- **Brief**
Skip the pictures and write out, word for word, the lines below from the one with "گوشی موبایل آنر" through the one with "Tickets, Please! screenshot 5", inclusive.

═══ Source data

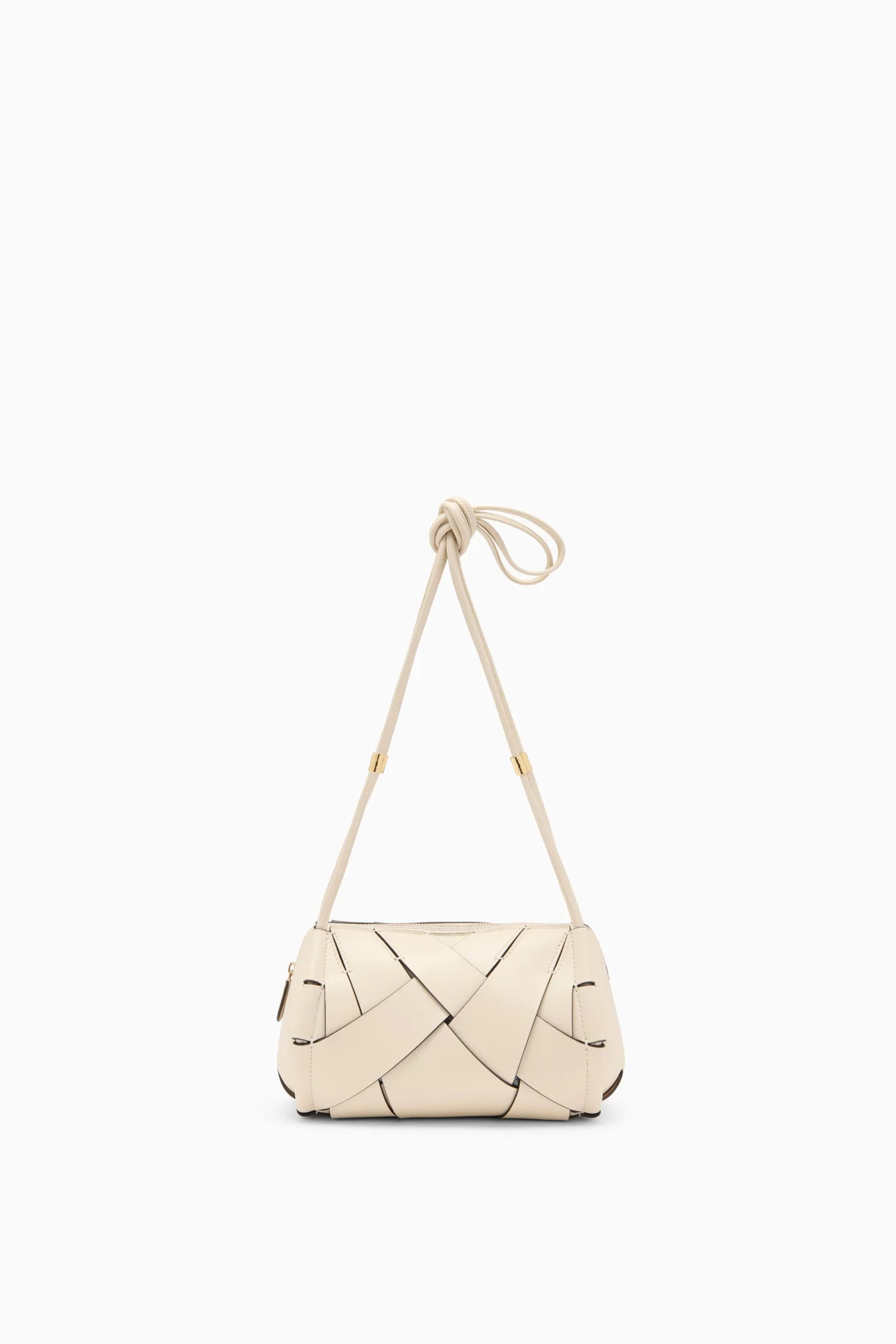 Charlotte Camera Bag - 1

══════
═══ Source data

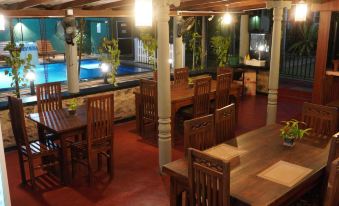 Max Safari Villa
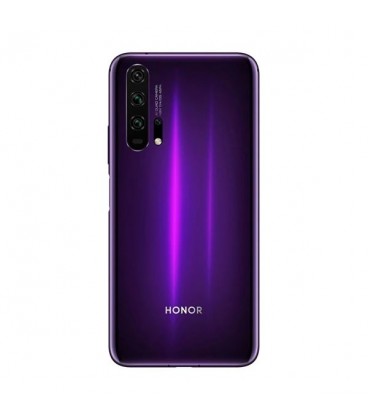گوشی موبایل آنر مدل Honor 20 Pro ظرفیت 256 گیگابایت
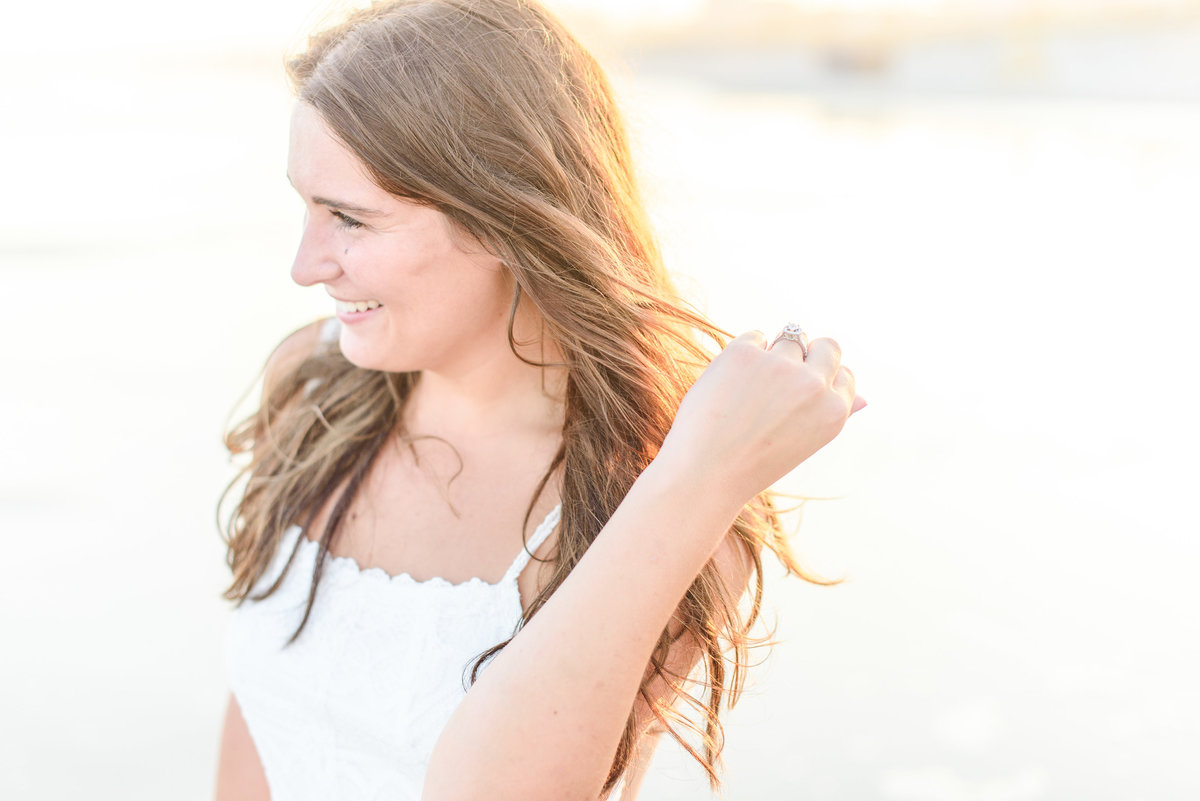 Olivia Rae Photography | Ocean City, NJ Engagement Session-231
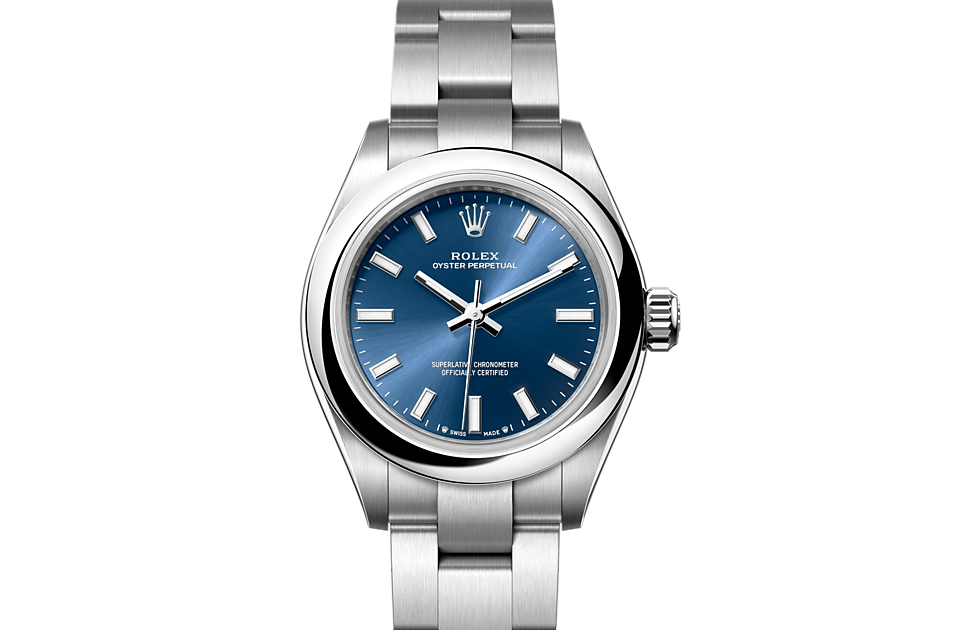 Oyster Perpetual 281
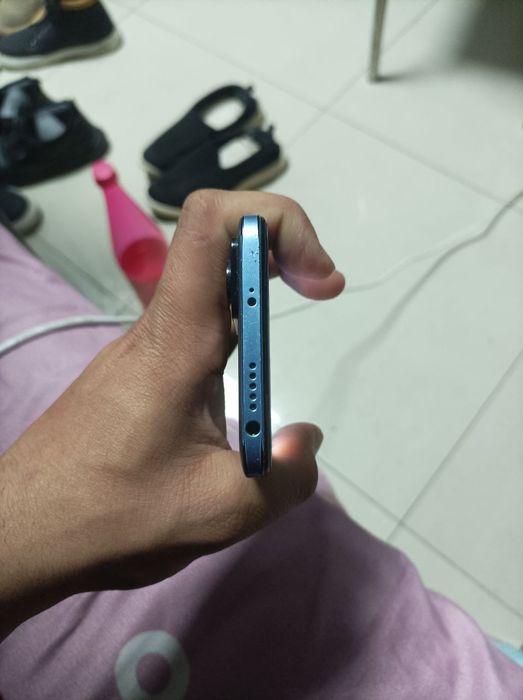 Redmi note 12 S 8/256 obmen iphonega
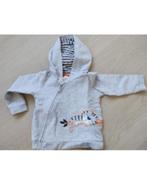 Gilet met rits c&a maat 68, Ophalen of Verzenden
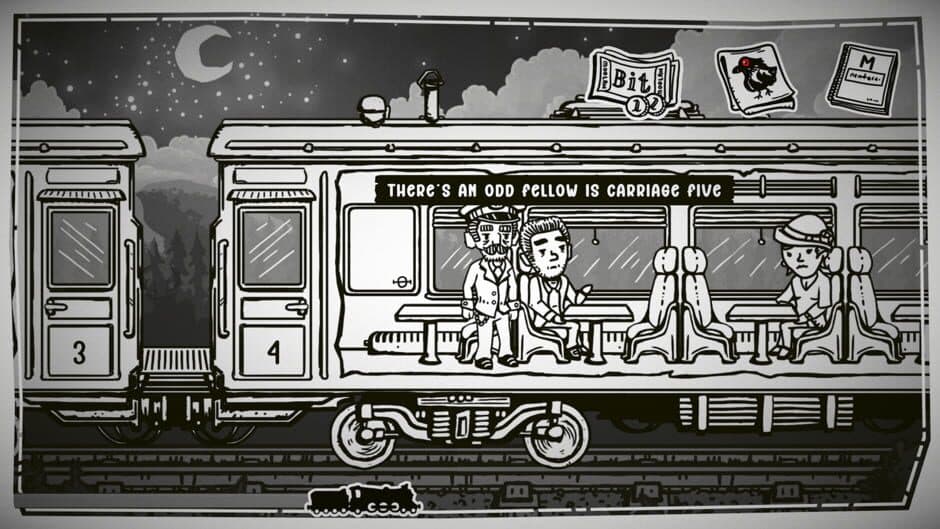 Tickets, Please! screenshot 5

══════

- **Output below**
گوشی موبایل آنر مدل Honor 20 Pro ظرفیت 256 گیگابایت
 Olivia Rae Photography | Ocean City, NJ Engagement Session-231
 Oyster Perpetual 281
 Redmi note 12 S 8/256 obmen iphonega
 Gilet met rits c&a maat 68, Ophalen of Verzenden
 Tickets, Please! screenshot 5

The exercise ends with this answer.